** Opening Provided data block **

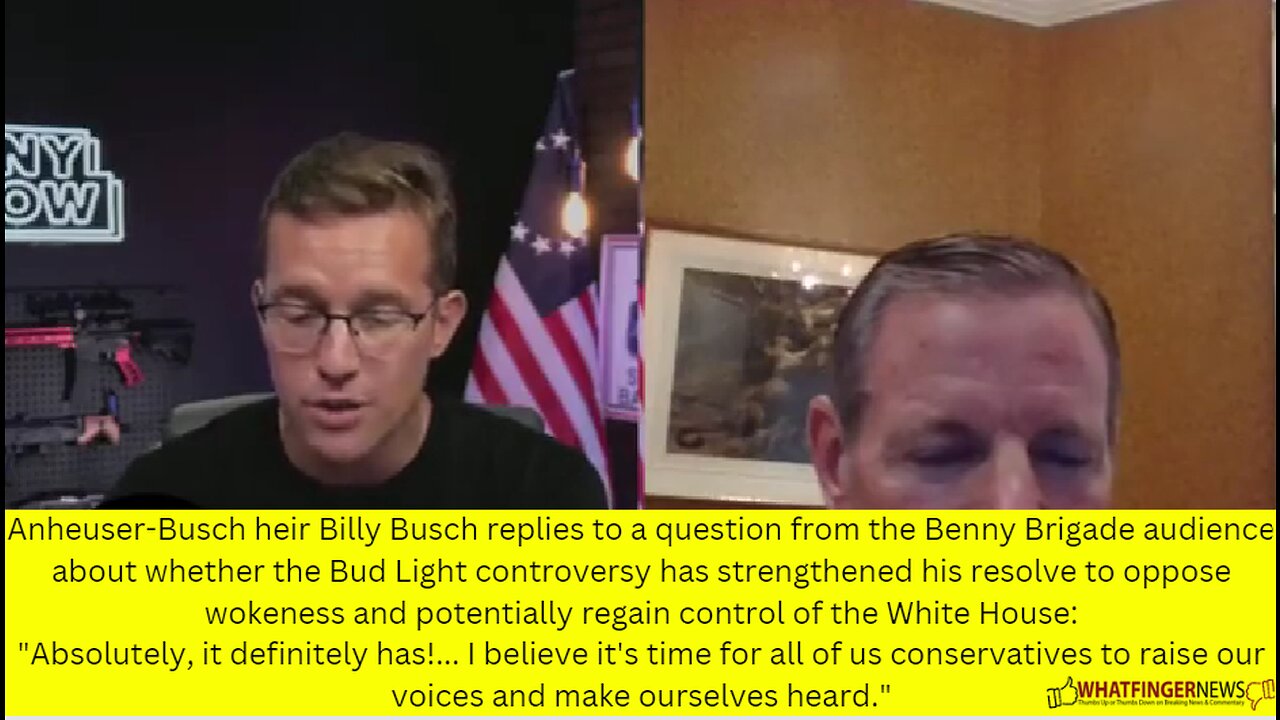 Anheuser-Busch heir Billy Busch replies to a question from the Benny Brigade audience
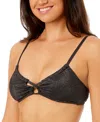 Salt + Cove Solid Lurex Twist-front Bralette Bikini, Exclusively At Macy's In Black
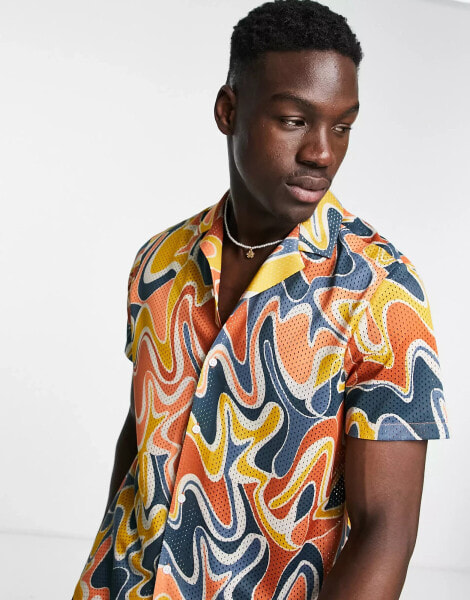 Topman airtex swirl print shirt in orange and blue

** Closing Provided data block **

Return the listing above word for word, with the pictures removed.

 Anheuser-Busch heir Billy Busch replies to a question from the Benny Brigade audience
 Salt + Cove Solid Lurex Twist-front Bralette Bikini, Exclusively At Macy's In Black
 Topman airtex swirl print shirt in orange and blue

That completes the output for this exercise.